**Task item:** Print nothing but the lines below starting at the line that holds "Black pride rainbow" and ending at the line that holds "Seamless texture with", including both, each exactly as written.

(Data records)
· · · ·

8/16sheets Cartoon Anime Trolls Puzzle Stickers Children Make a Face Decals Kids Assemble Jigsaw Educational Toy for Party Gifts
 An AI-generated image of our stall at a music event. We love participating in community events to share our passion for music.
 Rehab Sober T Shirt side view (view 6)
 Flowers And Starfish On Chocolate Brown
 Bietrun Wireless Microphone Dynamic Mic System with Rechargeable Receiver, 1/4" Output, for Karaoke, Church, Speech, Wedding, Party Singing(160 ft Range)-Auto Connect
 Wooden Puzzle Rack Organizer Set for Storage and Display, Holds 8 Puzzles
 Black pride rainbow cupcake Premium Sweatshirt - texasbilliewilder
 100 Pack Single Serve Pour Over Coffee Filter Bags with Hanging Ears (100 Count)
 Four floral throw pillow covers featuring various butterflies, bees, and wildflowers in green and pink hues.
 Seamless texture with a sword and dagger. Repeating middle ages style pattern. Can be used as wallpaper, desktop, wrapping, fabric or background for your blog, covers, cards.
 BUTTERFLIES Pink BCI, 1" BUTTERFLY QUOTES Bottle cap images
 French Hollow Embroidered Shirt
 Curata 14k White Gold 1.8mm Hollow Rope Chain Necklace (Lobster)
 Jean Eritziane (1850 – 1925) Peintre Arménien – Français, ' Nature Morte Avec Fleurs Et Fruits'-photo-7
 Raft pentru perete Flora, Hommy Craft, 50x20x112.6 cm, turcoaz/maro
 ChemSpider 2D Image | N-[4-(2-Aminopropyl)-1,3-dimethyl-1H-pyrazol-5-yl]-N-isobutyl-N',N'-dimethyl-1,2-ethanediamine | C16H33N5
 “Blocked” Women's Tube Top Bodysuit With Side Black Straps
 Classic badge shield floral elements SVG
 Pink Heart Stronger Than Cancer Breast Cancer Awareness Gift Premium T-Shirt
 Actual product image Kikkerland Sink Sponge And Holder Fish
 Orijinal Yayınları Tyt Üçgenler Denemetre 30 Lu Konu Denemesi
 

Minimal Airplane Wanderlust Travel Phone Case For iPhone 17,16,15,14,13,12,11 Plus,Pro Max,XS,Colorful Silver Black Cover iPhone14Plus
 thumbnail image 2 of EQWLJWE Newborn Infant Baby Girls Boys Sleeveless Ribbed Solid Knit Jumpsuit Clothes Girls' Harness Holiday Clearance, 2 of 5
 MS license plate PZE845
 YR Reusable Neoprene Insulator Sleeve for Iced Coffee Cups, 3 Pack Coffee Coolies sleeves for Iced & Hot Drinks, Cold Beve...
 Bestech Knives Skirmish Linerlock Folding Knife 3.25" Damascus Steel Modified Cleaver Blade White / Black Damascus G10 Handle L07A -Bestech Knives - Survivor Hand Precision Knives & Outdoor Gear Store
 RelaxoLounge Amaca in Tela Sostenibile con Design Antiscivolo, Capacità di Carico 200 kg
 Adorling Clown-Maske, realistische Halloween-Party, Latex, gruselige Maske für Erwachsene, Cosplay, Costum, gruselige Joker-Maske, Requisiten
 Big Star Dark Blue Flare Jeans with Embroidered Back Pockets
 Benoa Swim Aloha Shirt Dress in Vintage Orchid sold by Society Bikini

· · · ·

**Task answer:**
 Black pride rainbow cupcake Premium Sweatshirt - texasbilliewilder
 100 Pack Single Serve Pour Over Coffee Filter Bags with Hanging Ears (100 Count)
 Four floral throw pillow covers featuring various butterflies, bees, and wildflowers in green and pink hues.
 Seamless texture with a sword and dagger. Repeating middle ages style pattern. Can be used as wallpaper, desktop, wrapping, fabric or background for your blog, covers, cards.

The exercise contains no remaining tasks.